Overview of Foreign Investments in Indian Equities
Foreign investors have significantly pulled out funds from Indian equities in January, influenced by various global and domestic factors. This withdrawal follows a minor inflow experienced in December.
Drivers of Foreign Investment Withdrawal
- Global Economic Factors
- The strength of the dollar and rising bond yields in the US have been primary drivers.
- With the dollar index above 109 and the 10-year US bond yield above 4.6%, the conditions favor selling in emerging markets.
- Domestic Market Conditions
- The continued depreciation in the Indian rupee has pressured foreign investors.
- Higher valuations of Indian equities and a weak earnings season forecast have made investors wary.
- There is uncertainty over the pace of India's economic growth.
Current Trends in Investor Behavior
- FPIs have offloaded shares worth Rs 44,396 crore from Indian equities, a significant shift from Rs 15,446 crore investment in December.
- FPIs have consistently sold, except on January 2, highlighting a cautious approach.
- The debt market also saw withdrawals, with Rs 4,848 crore pulled from the debt general limit and Rs 6,176 crore from the debt voluntary retention route.
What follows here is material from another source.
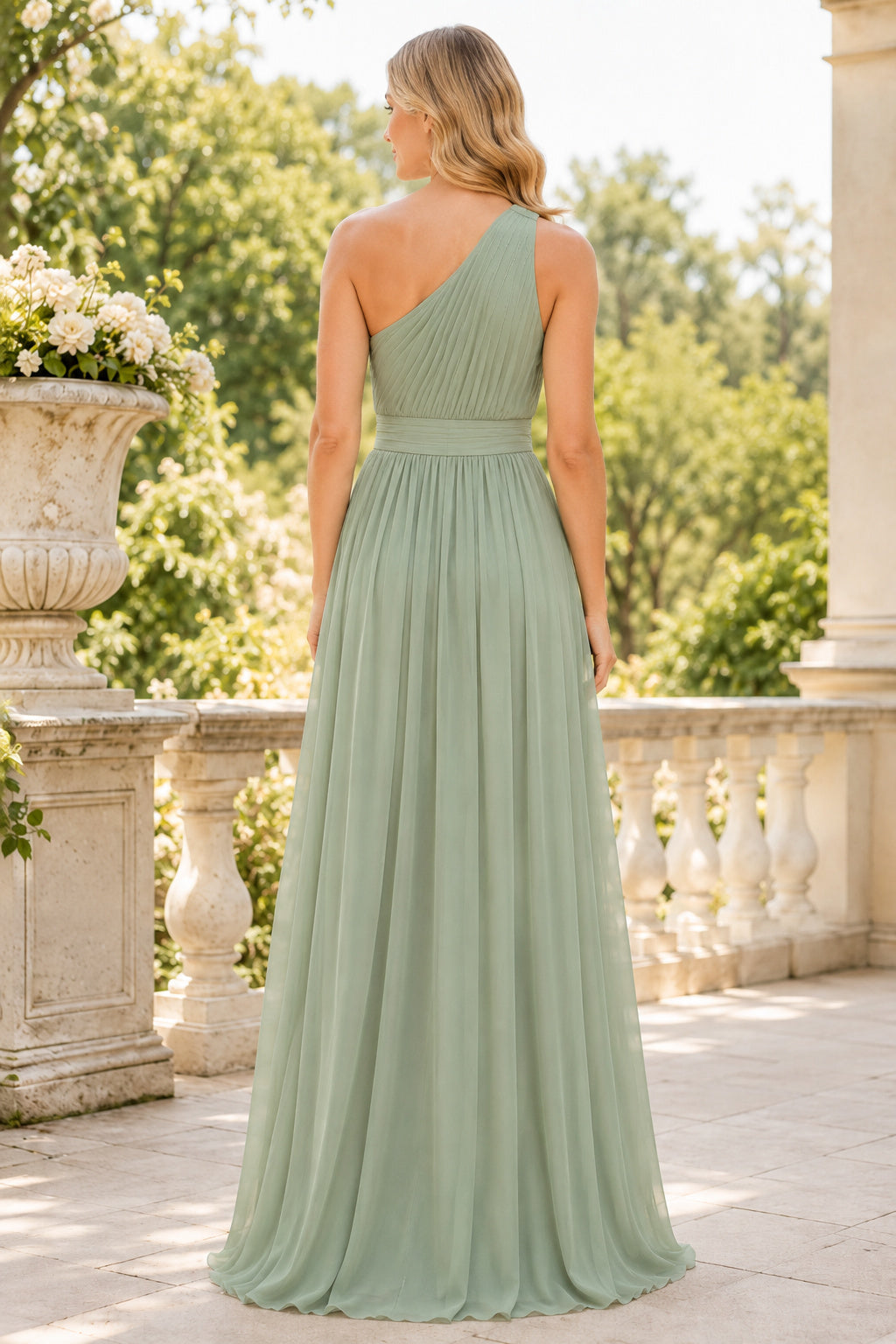 Sage One Shoulder Chiffon A-Line Bridesmaid Dress with Pleated Bodice and Floor Skirt back view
Potential Turnaround Factors
- Cyclical improvement in corporate earnings.
- Stronger GDP growth driven by resilient domestic consumption and increased government spending on infrastructure.
Comparative Analysis
- 2024 saw net inflows of just Rs 427 crore, contrasting with Rs 1.71 lakh crore in 2023.
- 2022 experienced a net outflow of Rs 1.21 lakh crore due to aggressive rate hikes by central banks globally.